July 17, 2006
It's a good day to learn some nautical terms. They will give you clues to locate Ms. Paulishak. Below is a picture of the NOAA ship Fairweather. The front of the ship is the Bow; the back is the Stern; the left side is called the Port and the right side is called the Starboard side. If you are in the middle of the ship, you would go forward to the bow and aft to the stern. The "Hull" is the outside of the ship which contains all of the lower decks. Look at the picture of the Fairweather and determine which parts of the ship you are looking at: the stern, the bow, the port or starboard? Can you identify the Hull?
When you are living on a ship, there are some other terms which you may want to become familiar. The "galley" is where the kitchen is located and the food is prepared. The "mess" is where the officers and crew eat their meals. It's like our school cafeteria, but the meals are so much better since there is a Chief Steward, Kathy and two other Chefs, Mike and Jose. The mess is everyone's favorite place.
The "Bridge" is where the commanding officer and crew run the ship. There is a lot of instrumentation on the bridge for navigation and control of all systems on the ship.
Different levels on the ship are called "decks." They are designated by letters; the lowest deck is at the bottom of the ship - Deck A. The place where each person sleeps is called the "state room." State rooms aren't very spacious. People didn't spend a lot of time in state rooms. State rooms are basically for sleeping. There is a lot of work to be done on the ship and on a research vessel, operations take place around the clock when the ship is underway. There are other terms which will be explained as the expedition continues.
The Fairweather, moored at the USCG (United States Coast Guard) base in Women's Bay at Kodiak Island, Alaska, was scheduled to depart on July 17, 2006 at 1730 hours (military time equal to 530 PM). However, due to a repair needed on the ship the departure was postponed until the next day.

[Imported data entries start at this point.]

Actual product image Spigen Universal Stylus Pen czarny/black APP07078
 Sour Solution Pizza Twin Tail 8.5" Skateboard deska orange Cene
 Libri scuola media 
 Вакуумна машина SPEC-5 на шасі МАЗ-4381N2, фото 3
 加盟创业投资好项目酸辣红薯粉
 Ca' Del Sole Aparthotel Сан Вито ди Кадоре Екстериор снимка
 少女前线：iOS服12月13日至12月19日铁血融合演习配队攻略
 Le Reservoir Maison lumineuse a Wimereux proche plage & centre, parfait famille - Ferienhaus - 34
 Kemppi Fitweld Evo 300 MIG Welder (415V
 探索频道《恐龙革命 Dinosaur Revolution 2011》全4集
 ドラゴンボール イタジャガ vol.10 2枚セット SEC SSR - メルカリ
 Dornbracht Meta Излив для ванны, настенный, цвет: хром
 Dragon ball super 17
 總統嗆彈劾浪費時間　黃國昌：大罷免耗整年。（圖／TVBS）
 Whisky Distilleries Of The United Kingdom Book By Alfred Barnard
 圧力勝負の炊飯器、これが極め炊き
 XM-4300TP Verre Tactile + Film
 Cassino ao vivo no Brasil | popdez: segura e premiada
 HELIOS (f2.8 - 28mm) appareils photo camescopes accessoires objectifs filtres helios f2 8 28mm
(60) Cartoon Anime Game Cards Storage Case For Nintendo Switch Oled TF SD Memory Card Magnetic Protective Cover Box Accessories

I learned that Kodiak has the biggest bears in the state, the Kodiak brown bear. It's one of the largest fishing ports in the nation. It's also called the Emerald Isle because it's relatively wet weather turns the mountains into lush green forests in the summer. Since the ship was not sailing yet, I had the opportunity to hike around Fort Abercrombie State Historic Park. There is a lot of flora and fauna to see on Kodiak and the rule about bears is that when you are hiking you need to make a lot of noise so that you do not startle a bear (or vice versa as the case may be). Fortunately or unfortunately, depending on your point of view, I did not come across any Kodiak bears. The island has a lot of history attached to it. One can see bunkers which were built during World War II. Beautiful views of the ocean could be seen from these positions.